- Born: Lancashire, United Kingdom Of Great Britain and Northern Ireland
- Occupations: Playwright, screenwriter
- Known for: The Control Room Rocket's Island Hollyoaks Nightsleeper

= Nick Leather =

British playwright and screenwriter

Nick Leather is a British playwright and screenwriter.

He is known as the creator of the drama series The Control Room and crime thriller Nightsleeper for BBC One, as well as the CBBC children's series Rocket's Island.

==Early life==
Leather grew up in Newton-le-Willows. He worked for a time at local newspaper The Newton Guardian, the experience inspiring him to write.

==Career==
Leather began in theatre, with his first play All The Ordinary Angels produced by Manchester's Royal Exchange Theatre, and later winning the Pearson Award for Best New Play. He would become the Royal Exchange's Playwright-in-Residence.

He subsequently moved into radio and then television, writing for series, including Justice, Secrets and Words and Jimmy McGovern's Moving On, as well as multiple episode of Hollyoaks. In 2012, he won the Writers' Guild of Great Britain award for Best Episode of a Continuing Drama for his work on Hollyoaks.

In 2012, he created the children's series Rocket's Island, about a family taking care of foster children at their island farm.

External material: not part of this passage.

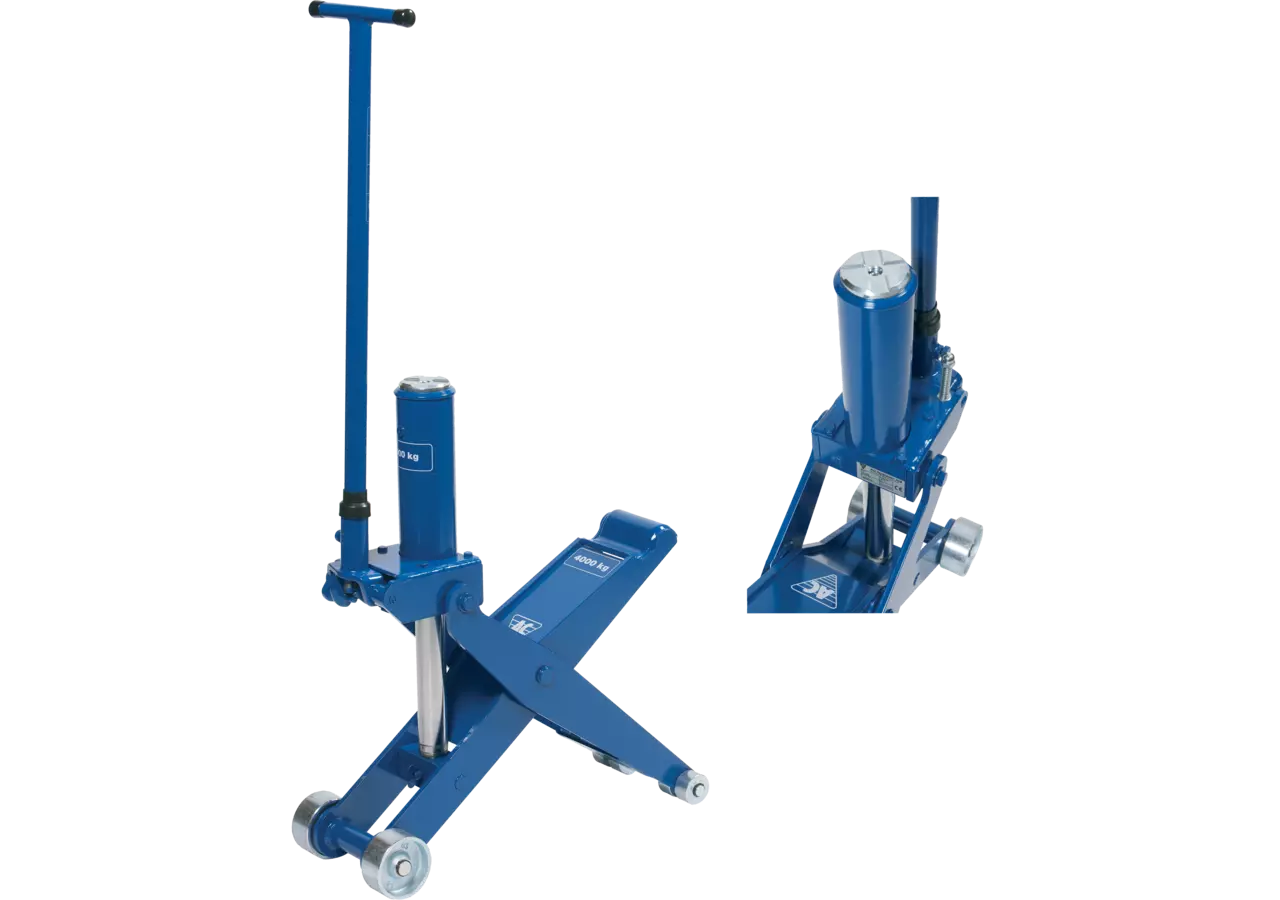 Hydraulischer Rangierwagenheber Type FJ 40, 4 t AC Hydraulic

It was nominated for a BAFTA children's award in the drama category in 2016 but lost out to the winner Refugee. Leather would alternate between adult and children's drama, writing for McGovern's Broken, and the Apple TV+ thriller Suspicion, as well as The Dumping Ground and The Worst Witch.

In 2018, he wrote the television film Mother's Day, based on an infamous IRA bombing attack in Warrington, close to where Leather had grown up and of which he had memories.

In 2021, the BBC commissioned The Control Room, a three-part thriller about an Emergency call handler, which would air on BBC One in 2022. Leather was inspired to write the series by a real-life health-scare involving his daughter.

It was announced on 8 December 2022 that Leather was writing a six-part thriller for BBC One, Nightsleeper.